The rules vary by province. In the provinces with government-run insurance, you generally won’t lose coverage for, say, not updating your address or filling out a form too late.

ULTERIOR MOTIVE?

Sending out a bunch of requests for information – and knowing that people might not reply in time – can also be a way for insurance companies to get rid of clients who live in unprofitable areas, said insurance broker Adam Mitchell of Whitby, Ont.

“This is an exercise that a number of companies have gone through to lose business,” said Mitchell, president of Mitchell & Whale Insurance Brokers. “They can see where they’re going to be losing money going forward.”

When insurance companies aren’t meeting their targets, they “become even more harsh and less tolerant and give you less time,” Insurance Hotline’s Thomas said.

Is there anything you can do if you think they weren’t clear enough about the deadline? Complain.

“Each insurance company has an employee who works as a consumer complaint officer, and they are responsible for … ensuring that an individual’s complaint is addressed,” Edwards said.

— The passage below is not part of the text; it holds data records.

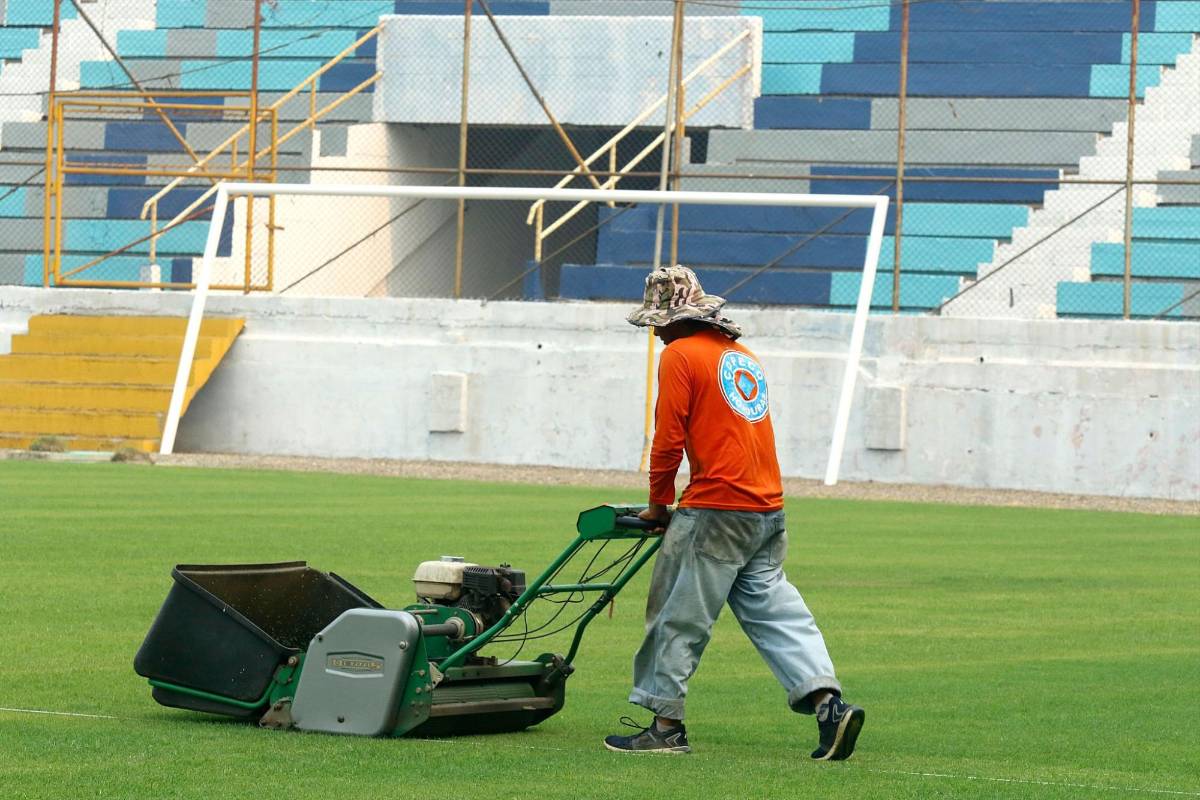 ¡Como mesa de billar! Estadio Morazán luce espectacular nueva grama y comienzan a realizar instalaciones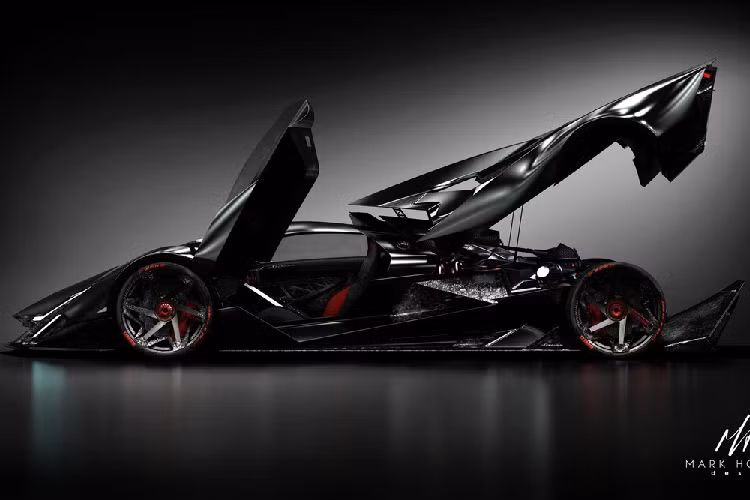 Nếu bạn từng thấy hình ảnh thử nghiệm của Devel Sixteen, bạn sẽ nhanh chóng nhận ra rằng nó có tỉ lệ kích thước khổng lồ. Thiết kế mới của Hostler không ngần ngại đưa phong cách dữ dằn nổi tiếng đó lên thêm một vài nấc. Như thấy trong hình, chiếc xe “hư cấu” có thân vỏ bằng sợi carbon màu đen tuyền, tô điểm với một vài chi tiết màu đỏ nổi bật ở khu vực bánh xe.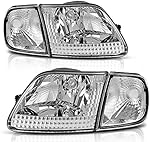AUTOSAVER88 Headlight Assembly Compatible with 97-03 Ford F-150/97-02 Ford Expedition Pickup Headlamp Replacement Chrome Housing Clear Lens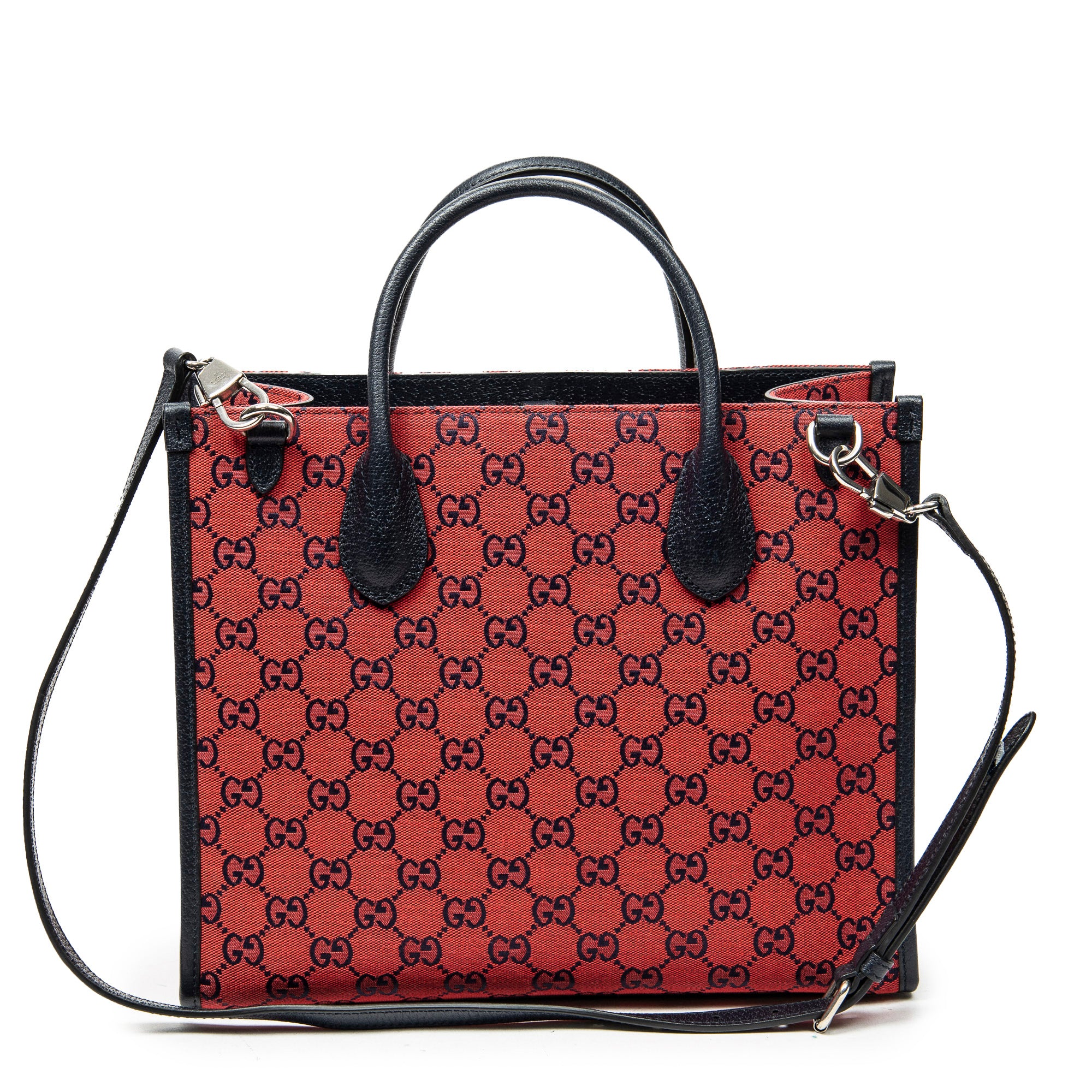 Shoulder Bag GG Tote Red Monogrammed Canvas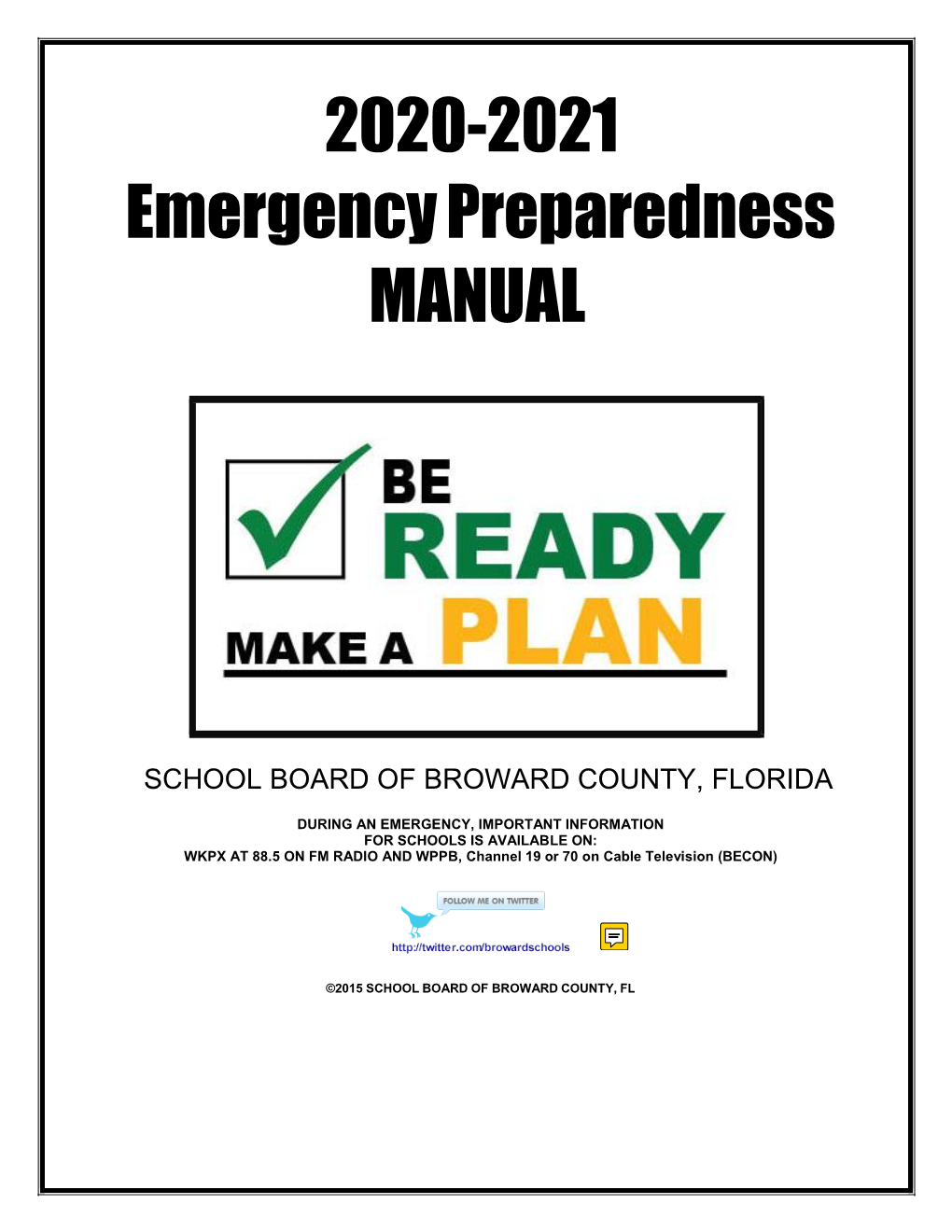 2020-2021 Emergency Preparedness MANUAL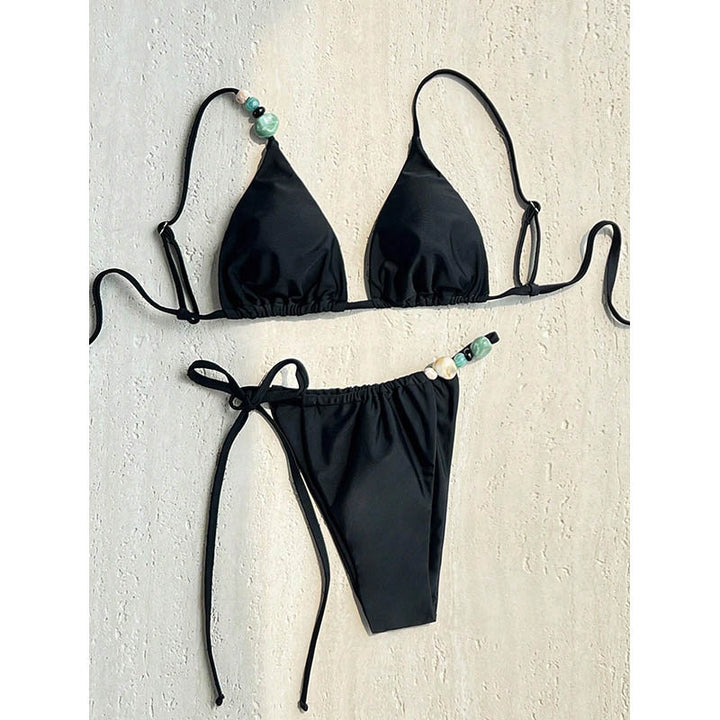 Dame triangel-bikini med håndlavede smykkedetaljer Skovae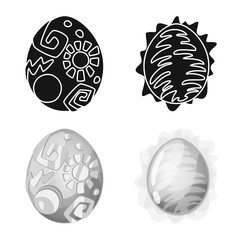 Vector illustration of animal and prehistoric sign. Set of animal and cute vector icon for stock.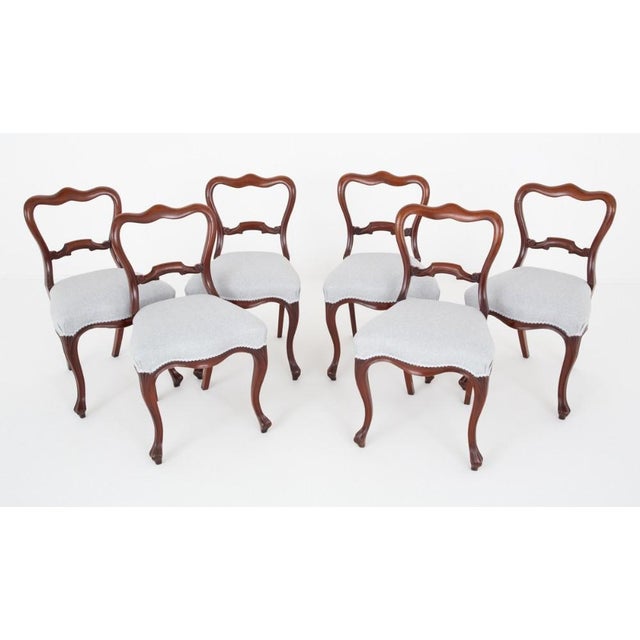 Wood Victorian Balloon Back Dining Chairs in Mahogany, Set of 6 For Sale - Image 7 of 7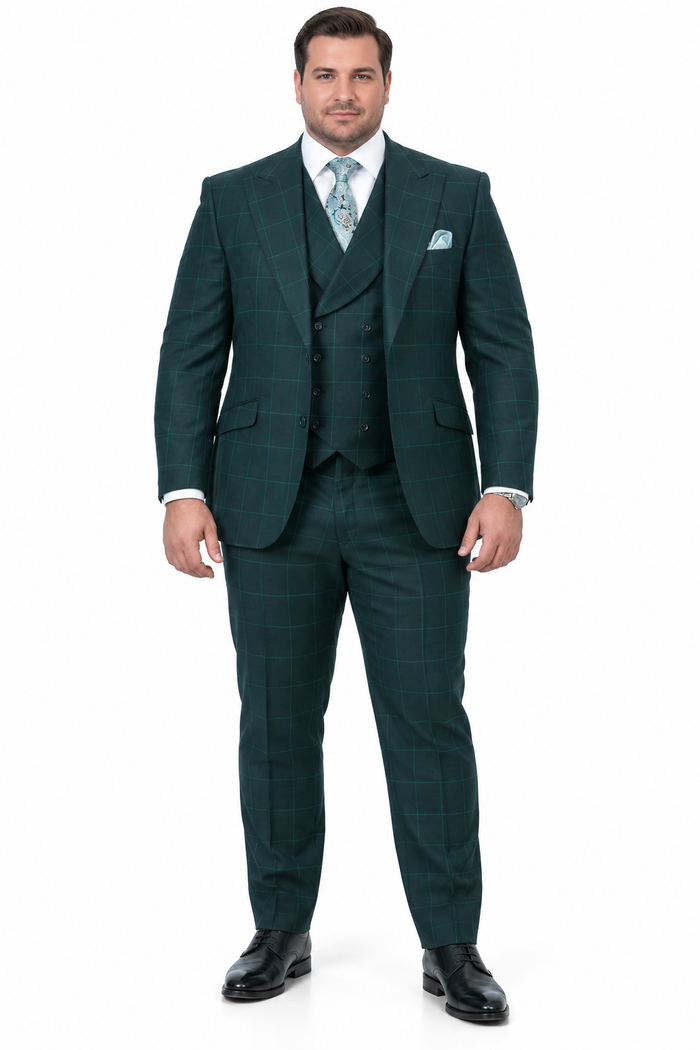 Mens Green Wool Suit - Any Brand Style Size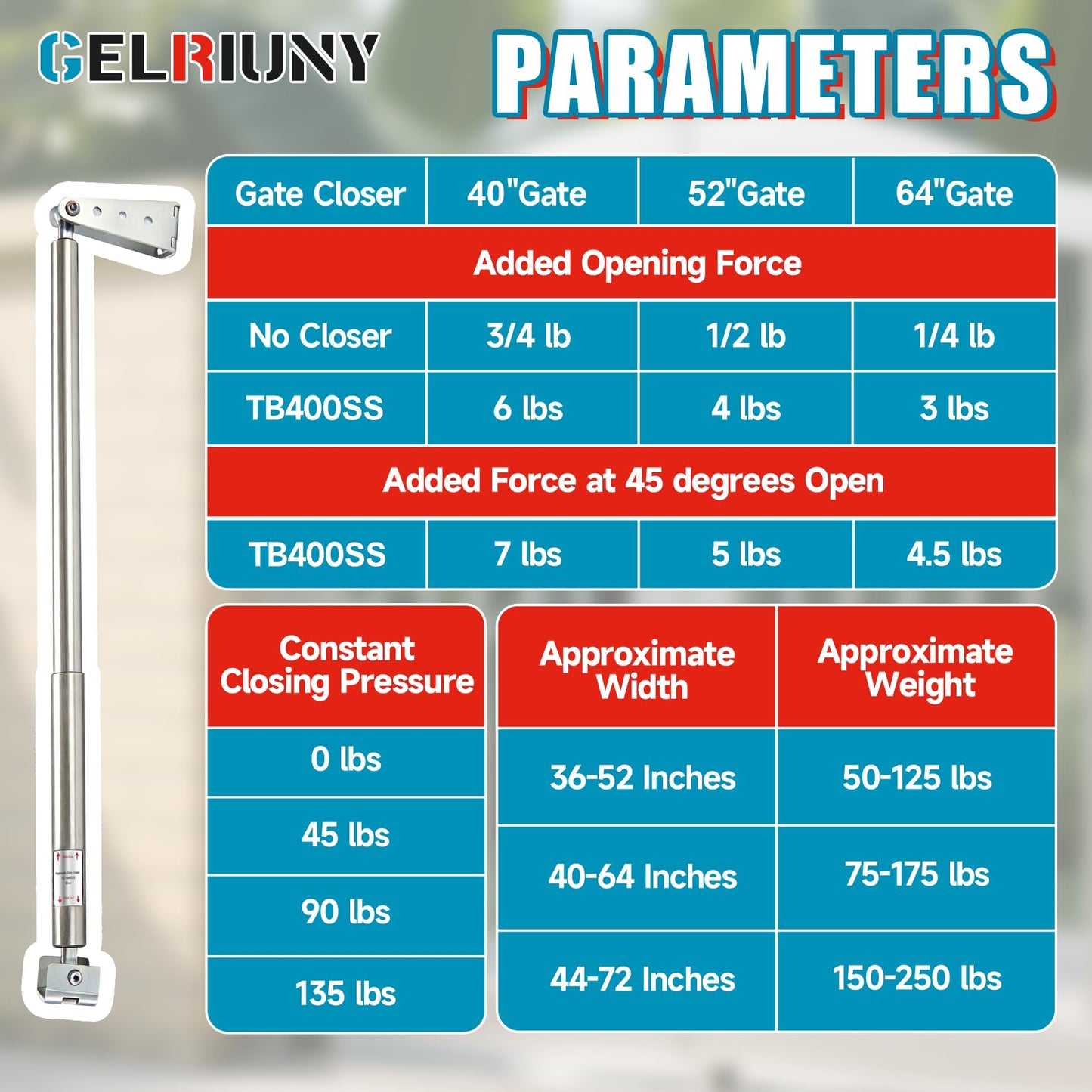 New TB400SS Hydraulic Outdoor Gate Closer for 75 to 175 lbs, Stainless Steel, Width 40 to 64 Inches, for Farms, Ranches, Gardens, Sports Complexes, Home Yards, Opening Pressure 6 to 12 Pounds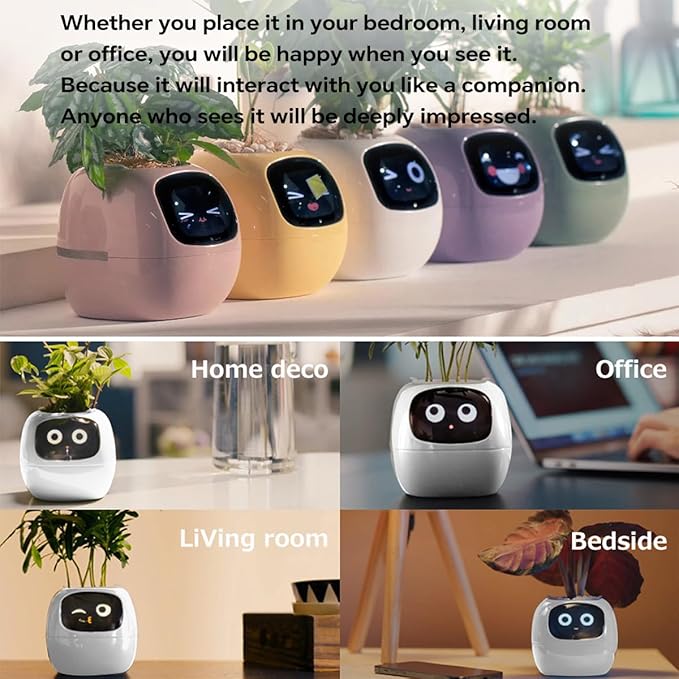 Smart Pet Planter, Smart Plant Pot, With Artificial Intelligence, Time Weather Display, And Multiple Expressions Animation,Lovely Plant Companion, For Desktop Decoration, Gifts,Plant-Free (Yellow)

SURVEY: ONE IN FOUR USE PHONES ON ROAD

At least a quarter of Canadians still aren’t getting the message about interacting with smartphones while driving, according to a recent survey.

In an Insurance Hotline survey conducted last month, 26 per cent of respondents had used their phones while their car was in motion. And, 41 per cent said they are “likely or somewhat likely” to use phones at a red light.

“It’s all the things you do with a smartphone on a daily basis – unlocking it, texting, checking voice mail,” said Jacob Black, Insurance Hotline’s managing editor. “Canadians know it’s dangerous behaviour but they can’t divorce themselves from these devices.

When told that 310 Canadians were killed by distracted driving in 2016 alone, 44 per cent said they’d change their ways.